We can check the operation of the sensor by attaching the sensor to the actual manipulator. In this study, by performing a peg-in-hole experiment using UR3 (Universal Robots, Denmark), we verified that the sensor can be attached to the manipulator to play the role of the RCC. Figure 11 shows the experiment using UR3 and the process of the peg-in-hole experiment. Based on this experiment method, we conducted a simple feedback control when random misalignment occurs using a teaching pendant. Figure 12 shows this result. Zone 1 in Figure 12 shows the measured x, y, z axes misalignment result value when performing the peg-in-hole experiment after randomly placing the hole position. After lifting the peg from the hole in the z-axis direction, the result of misalignment of the x, y, and z axes appears in zone 2. We performed the second peg-in-hole experiment by correcting the X and Y axes based on the result of zone 1, and zone 3 shows the result. The result of misalignment of the x, y, and z axes after lifting the peg in the z-axis direction appears in zone 4. Through this result, we showed that it is possible to find misalignment through displacement sensing of the RCC and the possibilities to correct it in the next attempt.

4. Conclusions

We introduced a displacement sensor using the 6 DOF parallel mechanism so that it can measure the displacement of the end-effector. First, we analyzed the kinematics of the 6 DOF RUS parallel mechanism and showed that we can obtain the position and orientation of the moving platform from six angular displacement sensors. We also designed a sensor whereby singularities do not occur within the operating range through geometric structure transformation. Next, we manufactured an inexpensive and compact displacement sensor by using potentiometers and evaluated its performance through precision stages.

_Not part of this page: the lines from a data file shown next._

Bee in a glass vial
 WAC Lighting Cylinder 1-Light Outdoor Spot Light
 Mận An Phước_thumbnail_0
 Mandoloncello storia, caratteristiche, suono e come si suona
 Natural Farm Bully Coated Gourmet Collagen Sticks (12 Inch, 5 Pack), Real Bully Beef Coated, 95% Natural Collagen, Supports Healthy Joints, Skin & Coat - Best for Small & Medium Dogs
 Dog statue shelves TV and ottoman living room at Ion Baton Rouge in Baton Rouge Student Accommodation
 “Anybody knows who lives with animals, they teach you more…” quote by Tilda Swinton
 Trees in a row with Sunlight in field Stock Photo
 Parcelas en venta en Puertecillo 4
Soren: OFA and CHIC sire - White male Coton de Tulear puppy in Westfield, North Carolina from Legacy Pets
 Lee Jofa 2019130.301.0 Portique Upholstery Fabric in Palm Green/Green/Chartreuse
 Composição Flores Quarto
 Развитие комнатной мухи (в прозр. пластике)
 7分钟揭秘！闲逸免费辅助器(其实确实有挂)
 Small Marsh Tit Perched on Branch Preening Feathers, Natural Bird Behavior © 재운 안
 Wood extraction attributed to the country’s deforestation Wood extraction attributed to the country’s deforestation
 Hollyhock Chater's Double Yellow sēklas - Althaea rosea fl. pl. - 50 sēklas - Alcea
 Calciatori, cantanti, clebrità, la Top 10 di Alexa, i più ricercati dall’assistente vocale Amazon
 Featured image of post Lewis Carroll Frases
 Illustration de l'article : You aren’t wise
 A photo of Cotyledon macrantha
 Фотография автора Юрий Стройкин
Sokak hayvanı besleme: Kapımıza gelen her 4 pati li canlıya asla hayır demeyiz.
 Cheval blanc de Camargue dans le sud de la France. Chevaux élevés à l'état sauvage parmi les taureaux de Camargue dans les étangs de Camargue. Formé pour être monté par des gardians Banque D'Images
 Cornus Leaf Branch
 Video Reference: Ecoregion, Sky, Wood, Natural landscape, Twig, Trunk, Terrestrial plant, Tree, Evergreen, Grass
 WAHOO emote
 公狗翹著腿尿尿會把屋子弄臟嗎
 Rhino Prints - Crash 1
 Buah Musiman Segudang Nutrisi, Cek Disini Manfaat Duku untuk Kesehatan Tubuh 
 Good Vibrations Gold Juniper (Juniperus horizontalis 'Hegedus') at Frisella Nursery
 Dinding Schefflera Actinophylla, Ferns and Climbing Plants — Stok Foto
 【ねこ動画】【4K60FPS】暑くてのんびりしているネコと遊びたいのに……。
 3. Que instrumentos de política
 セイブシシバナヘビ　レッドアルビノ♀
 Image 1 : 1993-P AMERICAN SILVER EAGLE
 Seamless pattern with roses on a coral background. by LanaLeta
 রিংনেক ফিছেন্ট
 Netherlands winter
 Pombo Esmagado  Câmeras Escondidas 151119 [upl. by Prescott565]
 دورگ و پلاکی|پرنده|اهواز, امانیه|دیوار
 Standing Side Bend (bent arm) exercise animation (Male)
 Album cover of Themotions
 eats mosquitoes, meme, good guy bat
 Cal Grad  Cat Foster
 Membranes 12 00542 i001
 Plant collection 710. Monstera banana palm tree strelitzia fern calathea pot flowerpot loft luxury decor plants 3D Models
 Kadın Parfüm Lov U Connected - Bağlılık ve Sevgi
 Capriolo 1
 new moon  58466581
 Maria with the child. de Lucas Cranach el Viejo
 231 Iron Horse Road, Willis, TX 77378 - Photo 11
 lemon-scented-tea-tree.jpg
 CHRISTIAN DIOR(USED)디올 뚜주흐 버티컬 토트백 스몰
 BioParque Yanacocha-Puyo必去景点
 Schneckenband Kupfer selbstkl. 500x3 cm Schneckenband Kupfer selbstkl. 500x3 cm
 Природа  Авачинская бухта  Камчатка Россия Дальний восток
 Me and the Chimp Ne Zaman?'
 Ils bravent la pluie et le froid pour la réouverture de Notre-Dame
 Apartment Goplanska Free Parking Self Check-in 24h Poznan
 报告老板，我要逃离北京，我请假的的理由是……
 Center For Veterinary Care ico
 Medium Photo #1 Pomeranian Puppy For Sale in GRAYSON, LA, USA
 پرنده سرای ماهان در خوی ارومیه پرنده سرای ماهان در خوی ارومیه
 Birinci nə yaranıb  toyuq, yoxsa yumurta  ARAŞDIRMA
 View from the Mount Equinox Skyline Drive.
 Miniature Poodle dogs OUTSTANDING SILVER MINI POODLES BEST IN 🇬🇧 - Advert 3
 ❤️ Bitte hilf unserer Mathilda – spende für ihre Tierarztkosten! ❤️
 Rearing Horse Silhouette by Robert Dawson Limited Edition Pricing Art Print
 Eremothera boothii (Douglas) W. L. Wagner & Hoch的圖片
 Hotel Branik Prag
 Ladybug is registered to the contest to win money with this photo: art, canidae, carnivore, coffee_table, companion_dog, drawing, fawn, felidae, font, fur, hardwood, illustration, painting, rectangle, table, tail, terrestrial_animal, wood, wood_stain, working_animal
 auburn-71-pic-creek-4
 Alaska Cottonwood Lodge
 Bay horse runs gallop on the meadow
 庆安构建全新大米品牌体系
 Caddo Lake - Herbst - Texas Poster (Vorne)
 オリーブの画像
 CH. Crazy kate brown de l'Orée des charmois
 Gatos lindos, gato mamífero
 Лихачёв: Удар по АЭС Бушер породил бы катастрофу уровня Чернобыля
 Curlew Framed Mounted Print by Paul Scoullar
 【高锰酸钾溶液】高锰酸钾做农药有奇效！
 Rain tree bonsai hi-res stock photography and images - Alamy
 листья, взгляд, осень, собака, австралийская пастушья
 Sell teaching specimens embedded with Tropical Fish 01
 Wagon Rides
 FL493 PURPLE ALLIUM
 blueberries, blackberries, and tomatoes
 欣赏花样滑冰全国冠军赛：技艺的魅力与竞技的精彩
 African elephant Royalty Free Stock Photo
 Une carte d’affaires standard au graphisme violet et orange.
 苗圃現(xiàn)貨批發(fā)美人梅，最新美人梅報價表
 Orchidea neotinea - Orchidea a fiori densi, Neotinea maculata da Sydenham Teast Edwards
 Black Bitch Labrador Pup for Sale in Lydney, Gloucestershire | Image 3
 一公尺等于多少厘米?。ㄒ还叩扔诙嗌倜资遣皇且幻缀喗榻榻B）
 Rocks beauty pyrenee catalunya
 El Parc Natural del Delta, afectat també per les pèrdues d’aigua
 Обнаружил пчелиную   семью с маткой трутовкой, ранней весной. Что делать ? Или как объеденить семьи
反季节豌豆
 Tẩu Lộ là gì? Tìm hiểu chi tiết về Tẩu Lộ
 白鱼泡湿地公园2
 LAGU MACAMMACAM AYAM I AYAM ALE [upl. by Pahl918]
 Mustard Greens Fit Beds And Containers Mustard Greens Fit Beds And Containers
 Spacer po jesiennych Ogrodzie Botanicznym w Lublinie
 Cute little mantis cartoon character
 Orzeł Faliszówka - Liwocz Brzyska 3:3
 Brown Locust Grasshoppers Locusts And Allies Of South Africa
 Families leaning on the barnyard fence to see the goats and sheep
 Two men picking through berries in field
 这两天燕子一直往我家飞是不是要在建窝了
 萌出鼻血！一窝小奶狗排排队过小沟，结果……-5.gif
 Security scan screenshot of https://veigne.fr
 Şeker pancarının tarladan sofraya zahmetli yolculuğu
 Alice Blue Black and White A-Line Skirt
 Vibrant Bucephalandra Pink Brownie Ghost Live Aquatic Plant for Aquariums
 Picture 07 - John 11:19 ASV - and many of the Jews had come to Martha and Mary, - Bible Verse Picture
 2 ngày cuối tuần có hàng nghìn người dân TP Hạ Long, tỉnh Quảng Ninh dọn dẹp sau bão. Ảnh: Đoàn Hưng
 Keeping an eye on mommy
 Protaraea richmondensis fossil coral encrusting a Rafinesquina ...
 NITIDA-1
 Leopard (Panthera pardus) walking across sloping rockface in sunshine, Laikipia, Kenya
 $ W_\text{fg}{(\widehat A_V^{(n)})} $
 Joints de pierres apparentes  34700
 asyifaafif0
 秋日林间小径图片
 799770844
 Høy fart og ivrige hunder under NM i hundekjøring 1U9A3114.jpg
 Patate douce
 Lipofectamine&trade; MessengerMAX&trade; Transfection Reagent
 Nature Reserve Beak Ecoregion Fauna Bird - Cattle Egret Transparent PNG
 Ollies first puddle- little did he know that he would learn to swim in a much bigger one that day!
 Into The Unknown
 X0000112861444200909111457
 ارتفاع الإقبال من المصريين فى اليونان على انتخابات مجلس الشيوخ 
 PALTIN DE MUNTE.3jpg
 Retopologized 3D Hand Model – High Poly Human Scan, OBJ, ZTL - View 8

As a result, an error occurred due to a 10-bit ADC. In some cases, more significant errors occurred. Through the search for the reasonable error cause, future research will be able to make a more precise sensor that reduces the errors. Through the peg-in-hole simulation, it was found that the instrument can correct misalignment of up to 3 mm. Besides, it showed the possibility of performing position sensing during calibration and showed that the manufactured instrument could be used for real-time control and prevention of damage to assembly robots in an industrial environment. Additionally, it is possible to manufacture a machine that can withstand stiffness in an actual industrial environment by adding a spring structure in the machine, and it is expected that 6-axis force/torque sensing can be performed in the future through the analysis of the spring. In addition, by performing peg-in-hole control using a manipulator with 6 axes F/T displacement sensor, it is expected to increase the effectiveness by simplifying the method for overcoming the misalignment of various processes.